## Task item
No pictures go in the copy. Restate, word for word, each line from the one containing "Blue Other Fibres Sunglasses" through the last line below.

## Records shown
[Start of section]

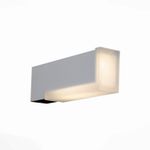 SL096.501.02 Светильник уличный настенный ST-Luce Белый/Белый LED 1*6W 4000K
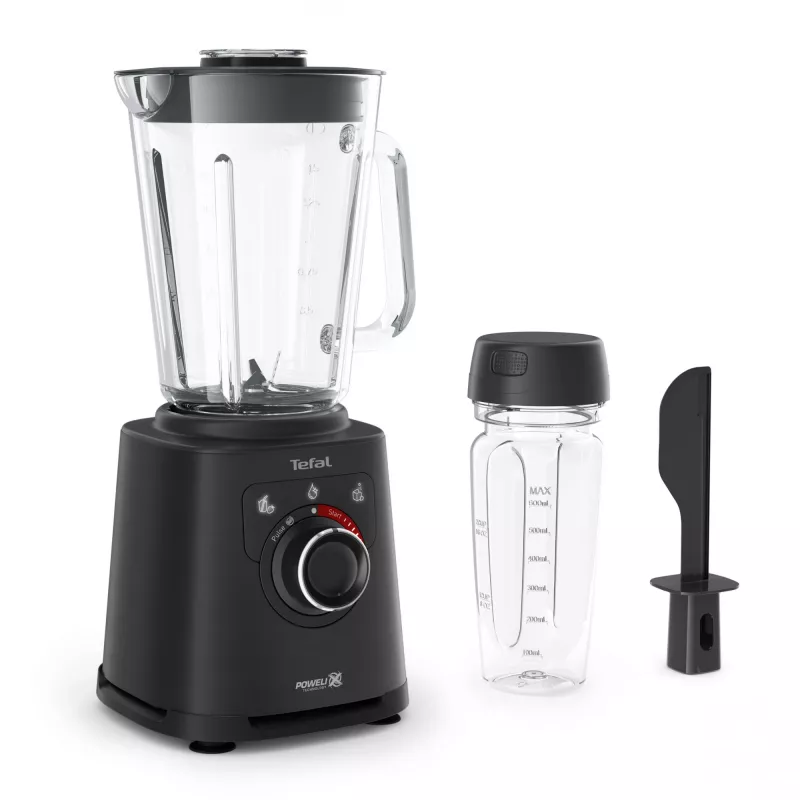 Tefal Perfectmix+ BL87G8 1.5 L staafmixer 1200 W zwart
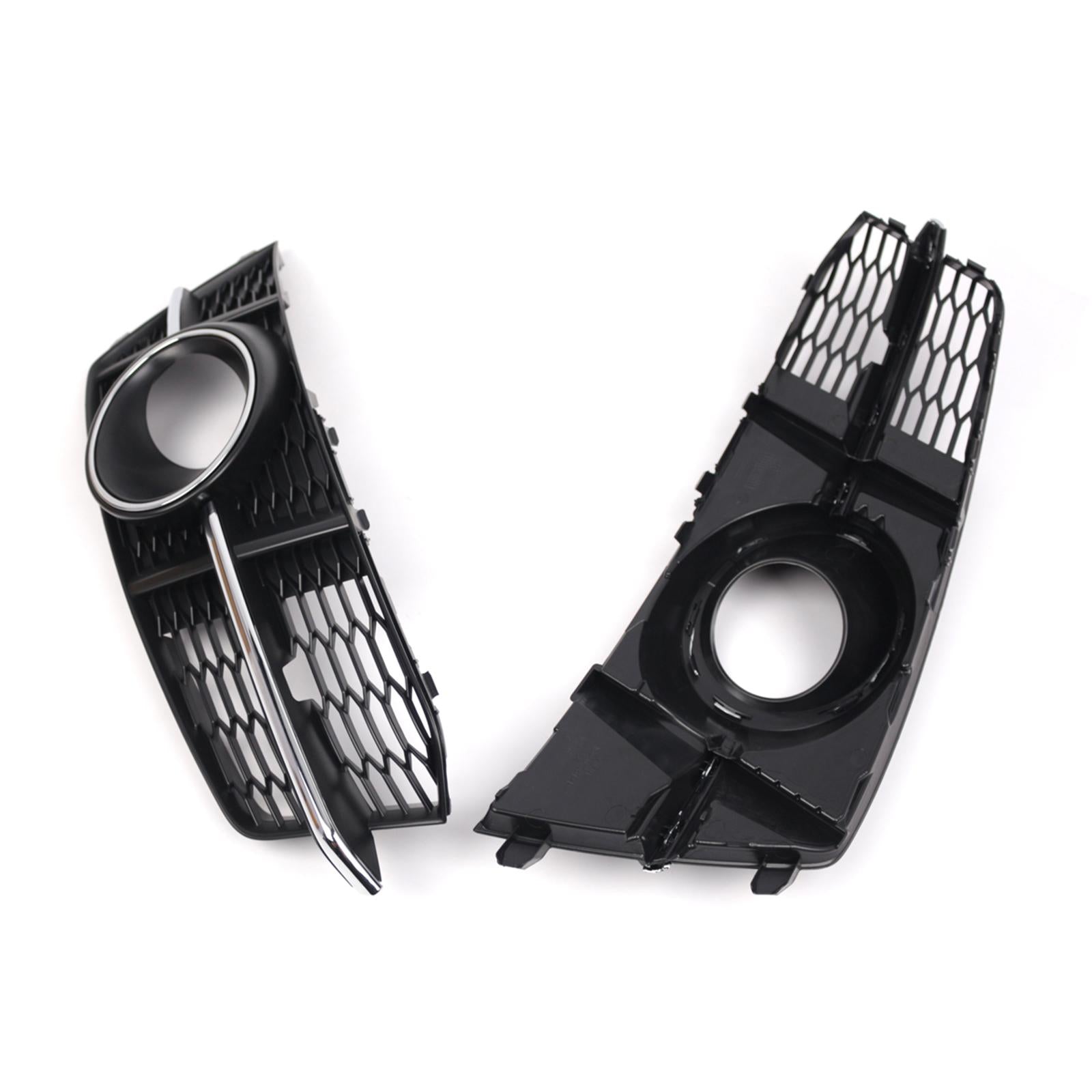 Fog Light Grille Grill Cover 4G0807681AG for Audi S6 A6 S-line C7 Facelift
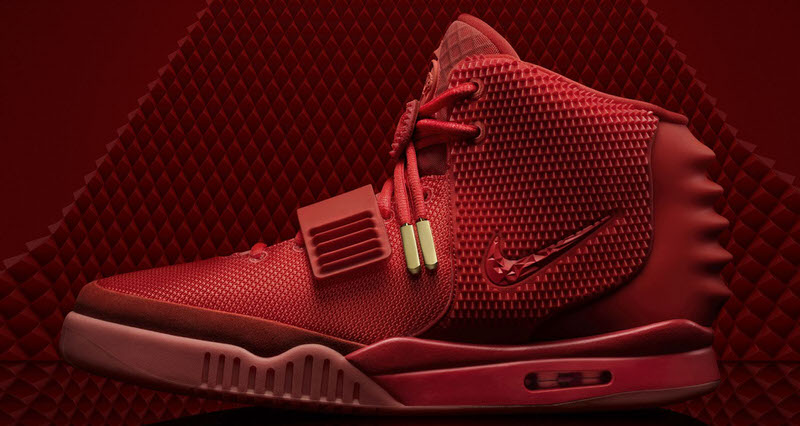 nike yeezy red october preço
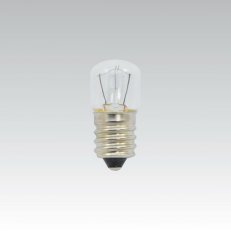 Trubková průmyslová žárovka ARN 12V 5W E14 T1533 clear NBB 373005000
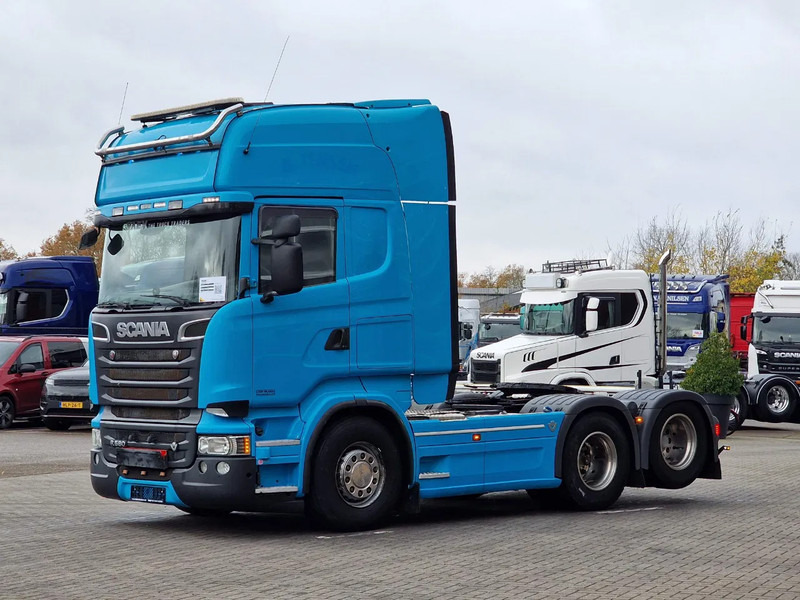 Scania R580 V8 Topline 6x2 - Retarder - Full air - 2x tank - Euro 6 - Sattelzugmaschine: das Bild 3 Scania R580 V8 Topline 6x2 - Retarder - Full air - 2x tank - Euro 6 - Sattelzugmaschine: das Bild 3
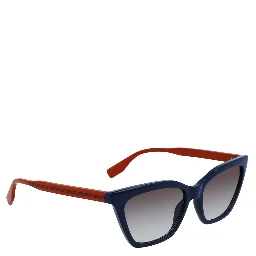 Blue Other Fibres Sunglasses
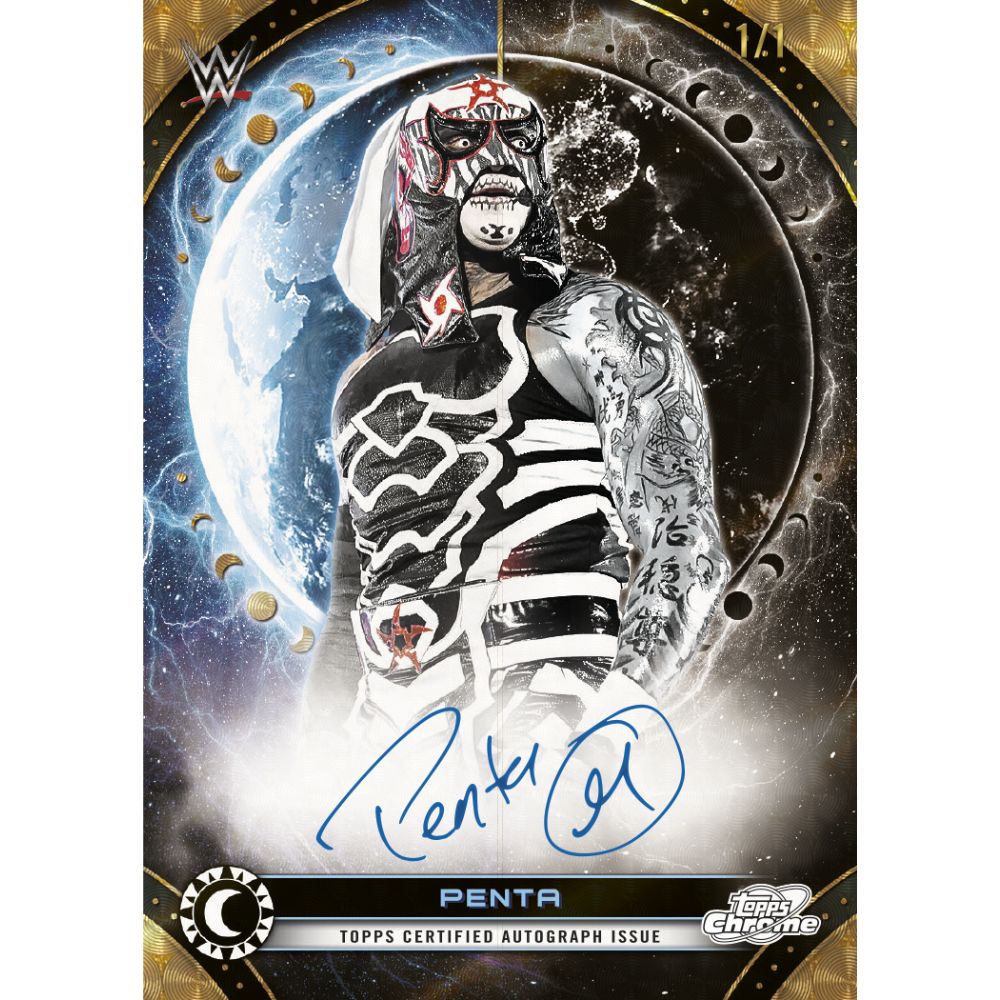 2026 Topps Chrome Cosmic WWE Hobby Box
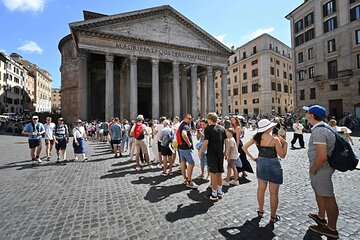 Rome Pantheon Guided Audio Tour Skip The Line Escorted Entrance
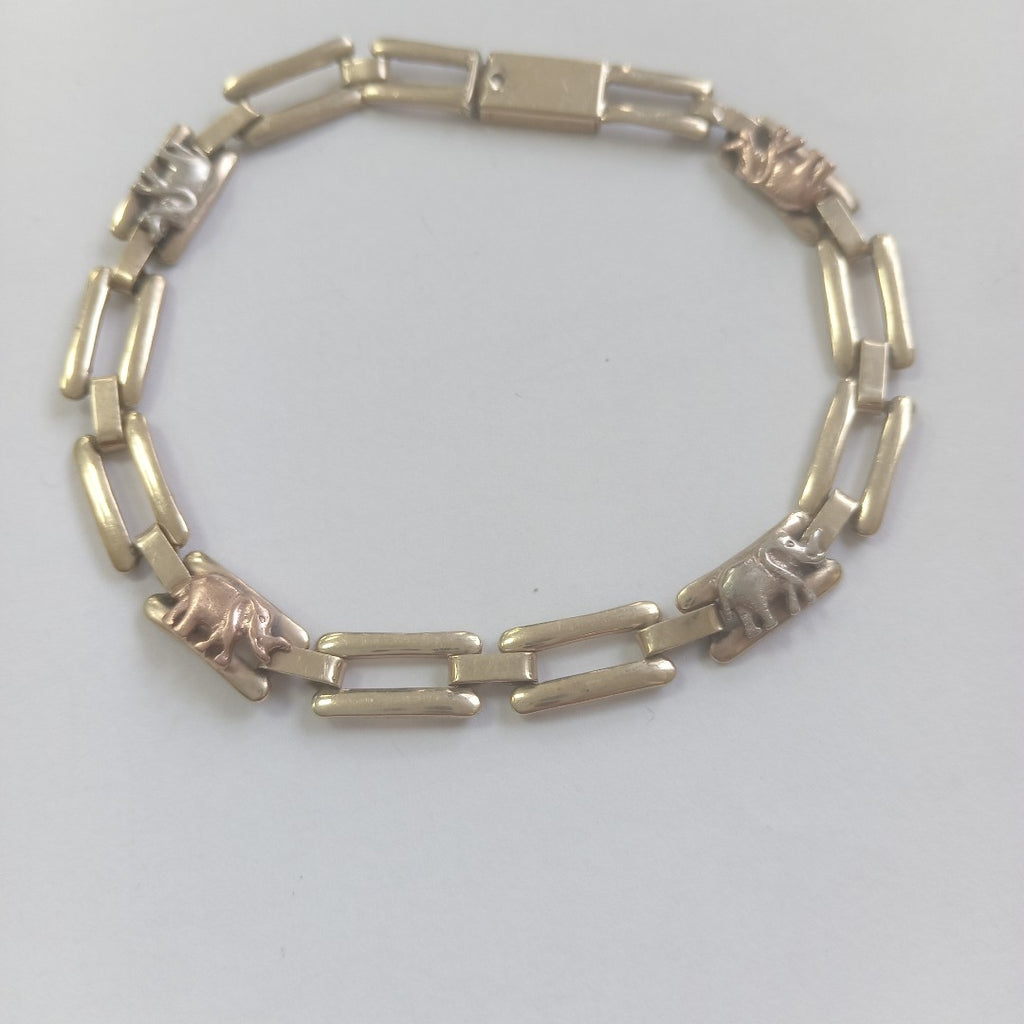 PULSERA ORO 10 K 6.4 GRMS (SEMINUEVO)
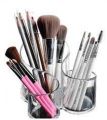Cosmetic Makeup Organizer Transparent Acrylic Lipstick Holder Display Stand Nail Polish Eyebrow Pencil Storage Box Toothbrush Holder Stationary Holder. 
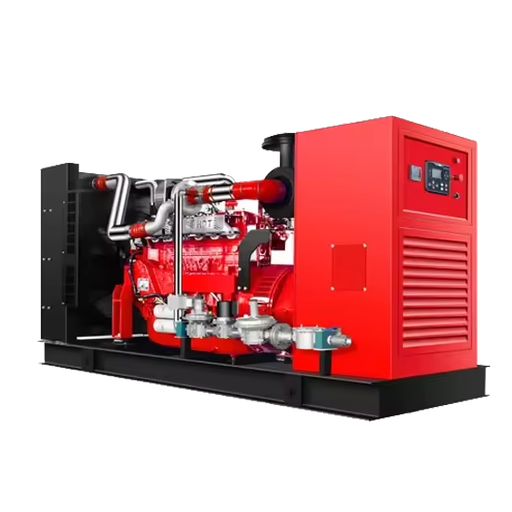 High Quality Gas Generator 3 Phase Generator Silent Type Open Type Gas Generator Equipment
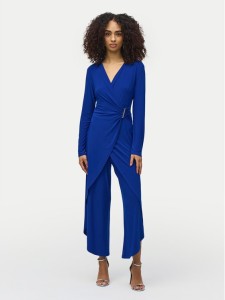 Joseph Ribkoff Kombinezon 244155 Niebieski Regular Fit
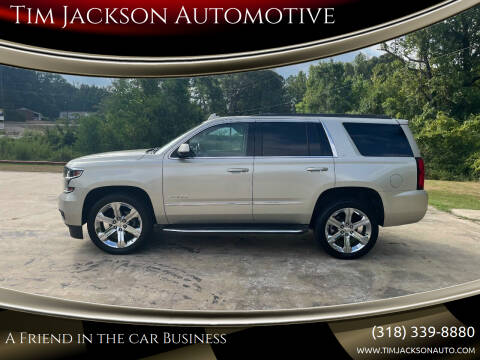 2017 Chevrolet Tahoe for sale at Tim Jackson Automotive Jena in Jena LA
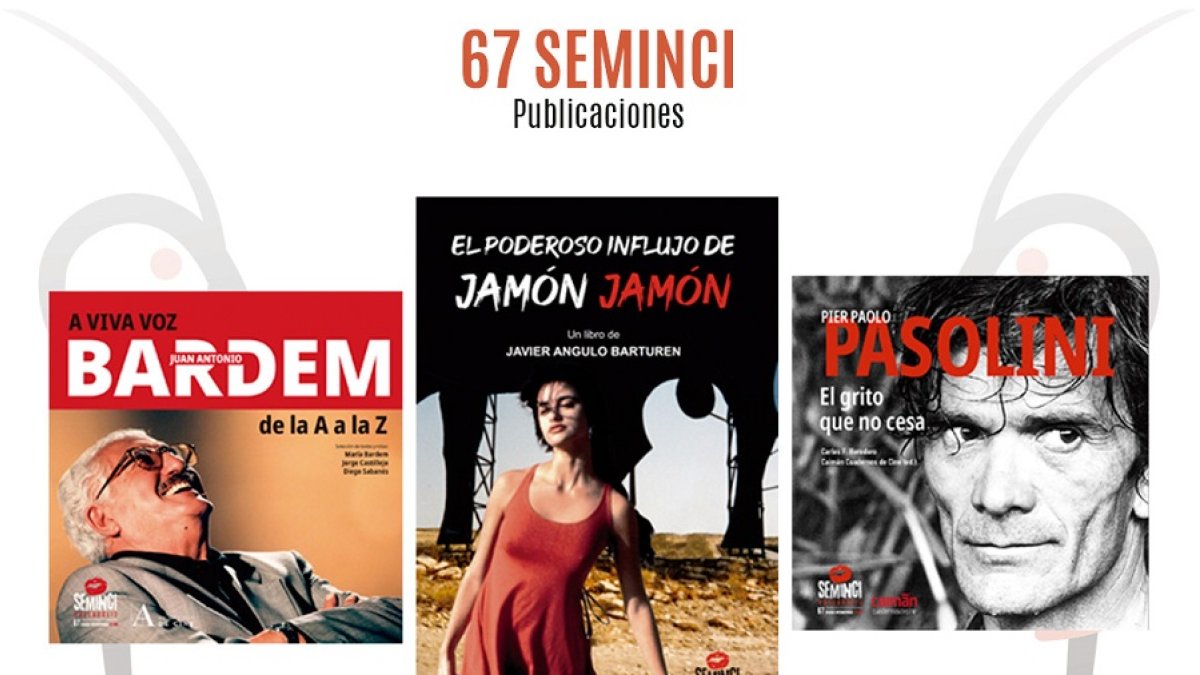 Algunas de las publicaciones. | SEMINCI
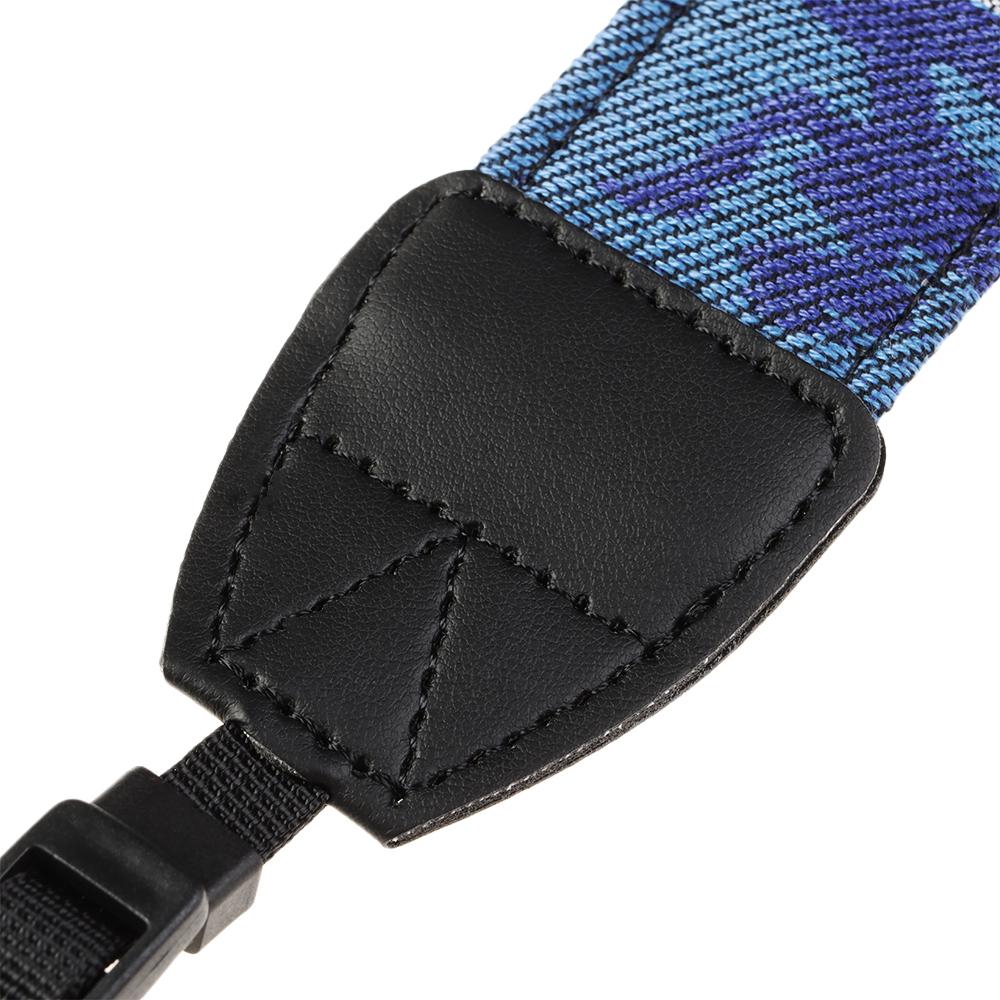 Camera Strap Leather - PUレザー製ランヤードバンド、調節可能な一眼レフカメラショルダーストラップ、DSLRカメラストラップ、カメラショルダーバンド、ネックストラップ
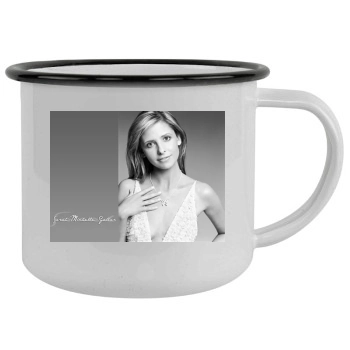 Sarah Michelle Gellar Camping Mug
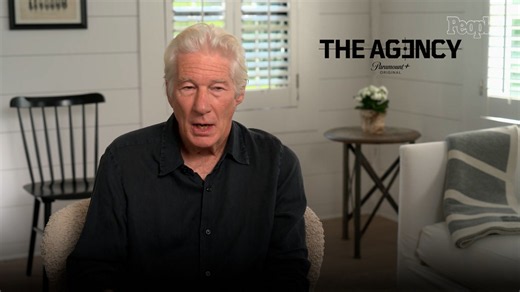 Richard Gere Gets Emotional About Son Homer's Acting Career: 'I'm Passing the Torch' (Exclusive)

[End of section]

## Answer for this exercise
 Blue Other Fibres Sunglasses
 2026 Topps Chrome Cosmic WWE Hobby Box
 Rome Pantheon Guided Audio Tour Skip The Line Escorted Entrance
 PULSERA ORO 10 K 6.4 GRMS (SEMINUEVO)
Cosmetic Makeup Organizer Transparent Acrylic Lipstick Holder Display Stand Nail Polish Eyebrow Pencil Storage Box Toothbrush Holder Stationary Holder. 
 High Quality Gas Generator 3 Phase Generator Silent Type Open Type Gas Generator Equipment
 Joseph Ribkoff Kombinezon 244155 Niebieski Regular Fit
 2017 Chevrolet Tahoe for sale at Tim Jackson Automotive Jena in Jena LA
 Algunas de las publicaciones. | SEMINCI
 Camera Strap Leather - PUレザー製ランヤードバンド、調節可能な一眼レフカメラショルダーストラップ、DSLRカメラストラップ、カメラショルダーバンド、ネックストラップ
 Sarah Michelle Gellar Camping Mug
 Richard Gere Gets Emotional About Son Homer's Acting Career: 'I'm Passing the Torch' (Exclusive)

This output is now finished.